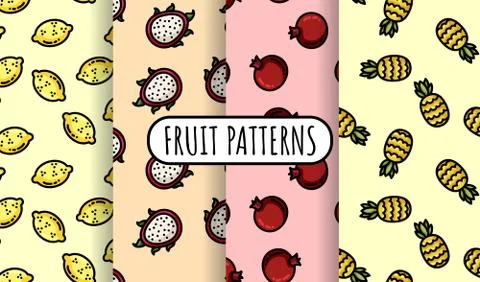 Set of colorful fruit seamless patterns. Flat design collection of background Illustrazione stock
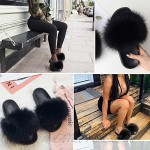 eccbox Womens Fur Slides Open Toe Fuzzy Slippers Fluffy Sandals Flip Flop Faux Fur Flat for Indoor Outdoor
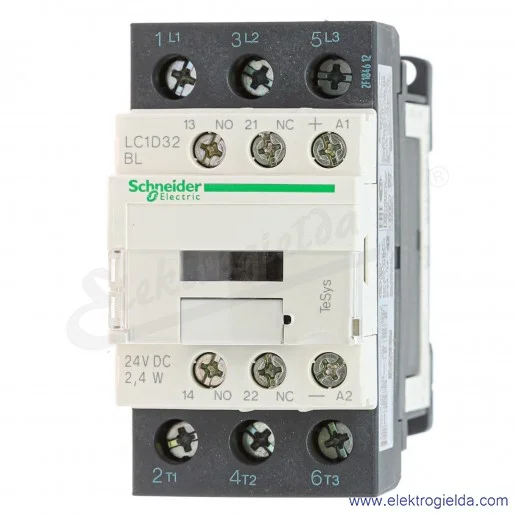 LC1D32BL 1z+1r 15kW 50A Uc 24 VDC(L) Stycznik obniżona moc cewki, zaciski śrubowe LC1D32BL 1z+1r 15kW 50A Uc 24 VDC(L) Stycznik obniżona moc cewki, zaciski śrubowe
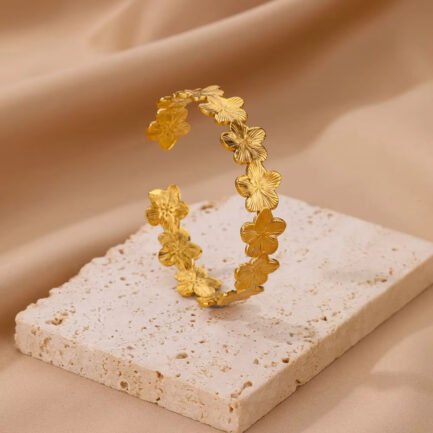 Blossom Trail Adjustable Flower Cuff Bracelet - Image 2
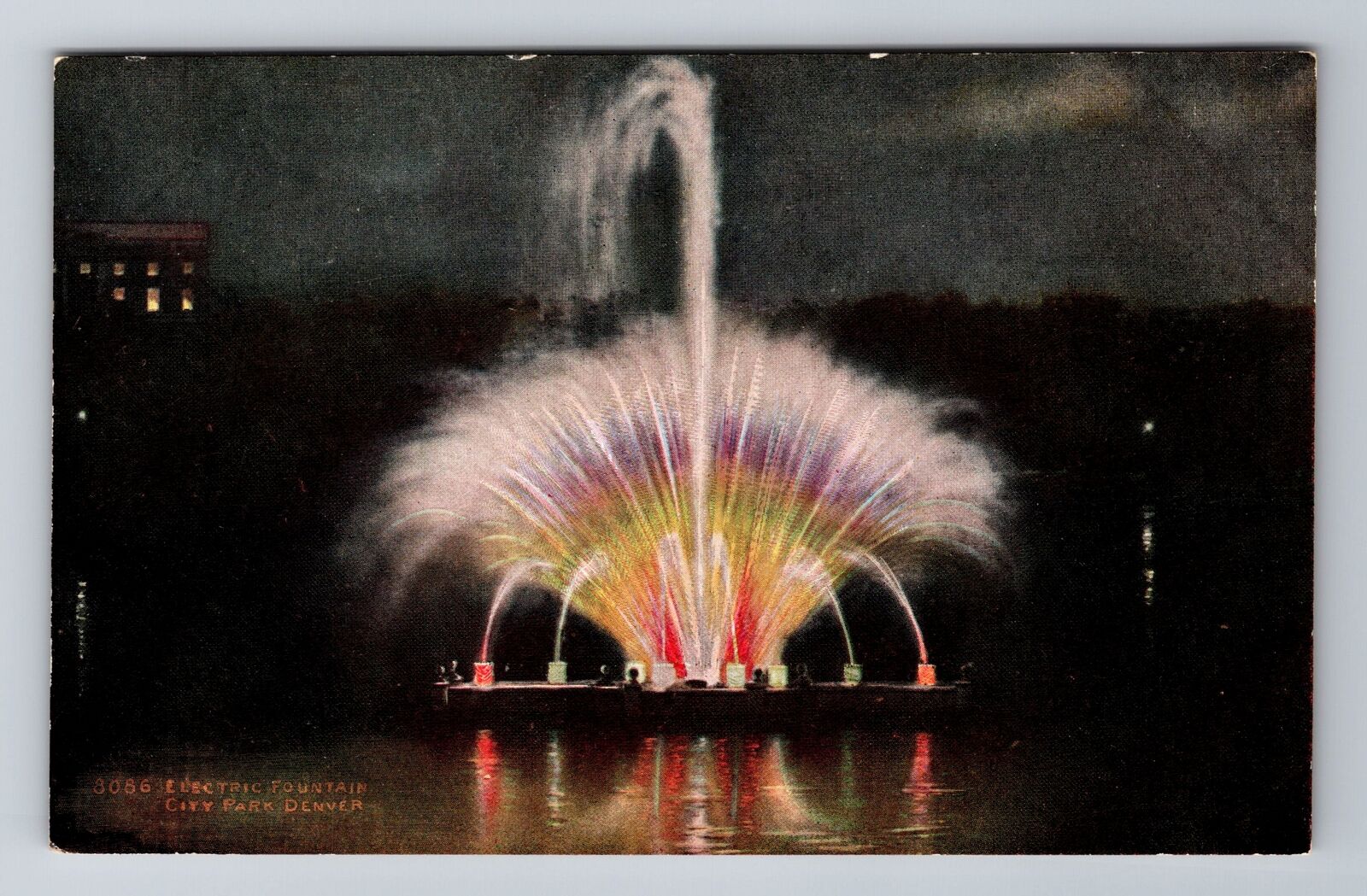 Denver CO-Colorado, Electric Fountain, Vintage Souvenir Postcard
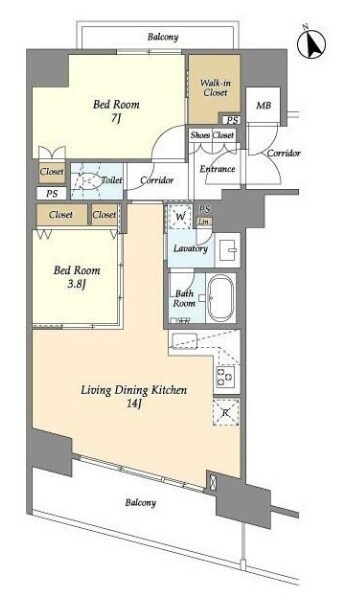 田町駅 徒歩12分 7階の物件間取画像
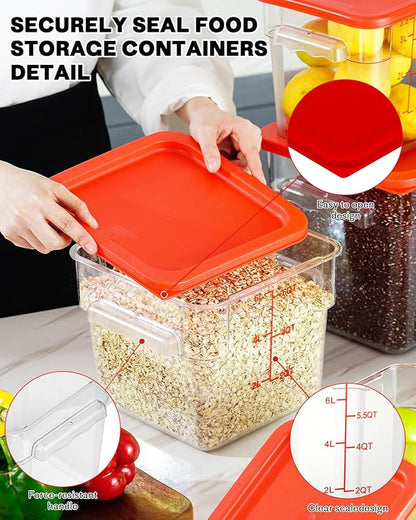 4QT NSF Food Storage Containers: 8 PCS [Food Grade][Hot&Cold Resistant] Commercial Clear Food Storage Containers with Lids for Restaurant Kitchen Proof Dough, Measuring Spoons Included(Red)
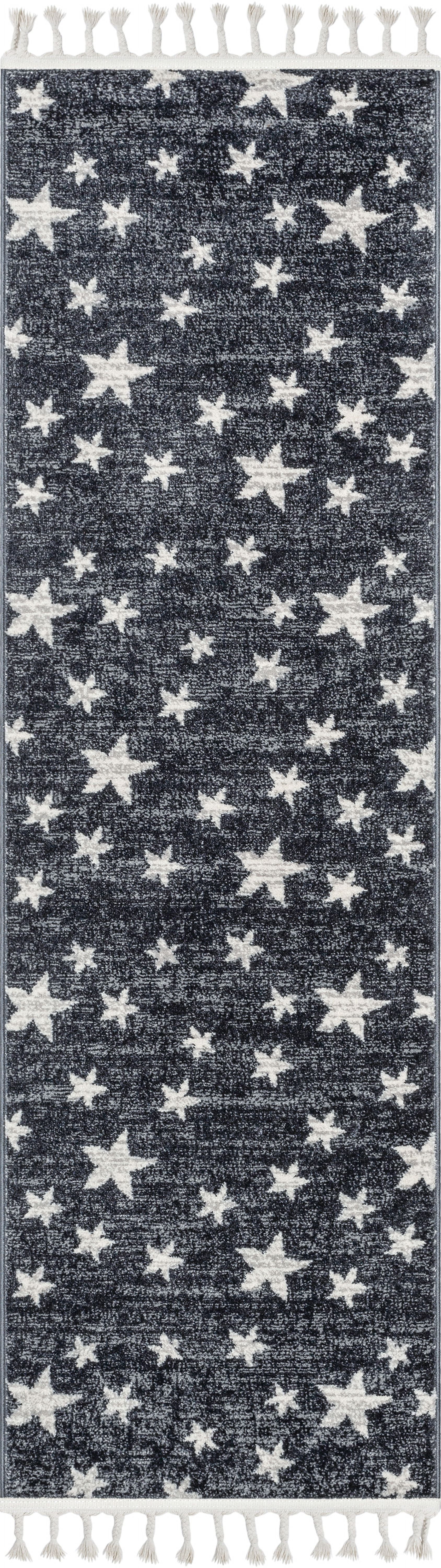 Well Woven Kennedy Stars Modern Kids Rug Grey 2'3" x 7'3" Runner Rug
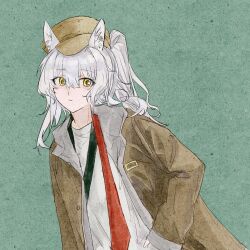  1girl absurdres alternate_costume animal_ears brown_coat coat double-parted_bangs expressionless hair_between_eyes hat high_ponytail highres horse_ears horse_girl medium_hair necktie newsboy_cap open_clothes open_coat parted_lips platinum_(arknights) ponytail red_necktie shirt sleeves_past_fingers sleeves_past_wrists solo taoyanaotu undone_necktie white_hair white_shirt yellow_hat yellow_pupils 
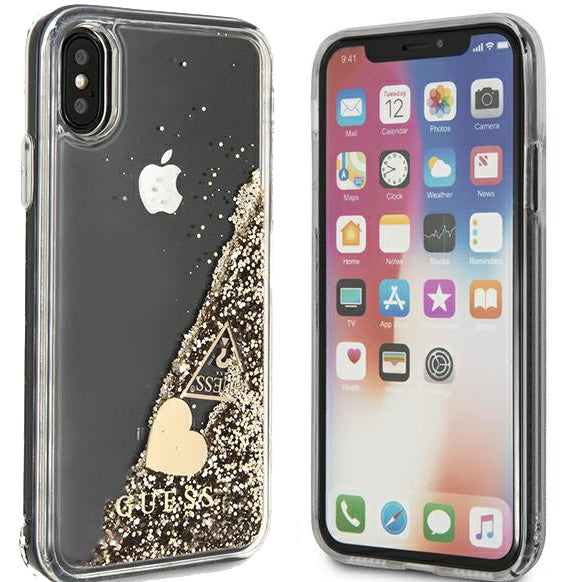 Schutzhülle Guess Liquid Glitter für iPhone Xs / X, gold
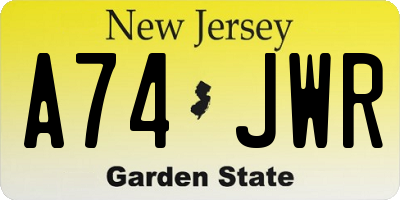NJ license plate A74JWR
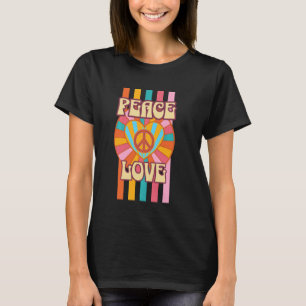 Peace Love Heart Retro 70s 80s Hippie Costume Vint T-Shirt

Exercise =
Exclude the pictures and transcribe all of the entries exactly.

Written response =
 Set of colorful fruit seamless patterns. Flat design collection of background Illustrazione stock
 eccbox Womens Fur Slides Open Toe Fuzzy Slippers Fluffy Sandals Flip Flop Faux Fur Flat for Indoor Outdoor
 LC1D32BL 1z+1r 15kW 50A Uc 24 VDC(L) Stycznik obniżona moc cewki, zaciski śrubowe LC1D32BL 1z+1r 15kW 50A Uc 24 VDC(L) Stycznik obniżona moc cewki, zaciski śrubowe
 Blossom Trail Adjustable Flower Cuff Bracelet - Image 2
 Denver CO-Colorado, Electric Fountain, Vintage Souvenir Postcard
 田町駅 徒歩12分 7階の物件間取画像
 4QT NSF Food Storage Containers: 8 PCS [Food Grade][Hot&Cold Resistant] Commercial Clear Food Storage Containers with Lids for Restaurant Kitchen Proof Dough, Measuring Spoons Included(Red)
 Well Woven Kennedy Stars Modern Kids Rug Grey 2'3" x 7'3" Runner Rug
  1girl absurdres alternate_costume animal_ears brown_coat coat double-parted_bangs expressionless hair_between_eyes hat high_ponytail highres horse_ears horse_girl medium_hair necktie newsboy_cap open_clothes open_coat parted_lips platinum_(arknights) ponytail red_necktie shirt sleeves_past_fingers sleeves_past_wrists solo taoyanaotu undone_necktie white_hair white_shirt yellow_hat yellow_pupils 
 Schutzhülle Guess Liquid Glitter für iPhone Xs / X, gold
NJ license plate A74JWR
 Peace Love Heart Retro 70s 80s Hippie Costume Vint T-Shirt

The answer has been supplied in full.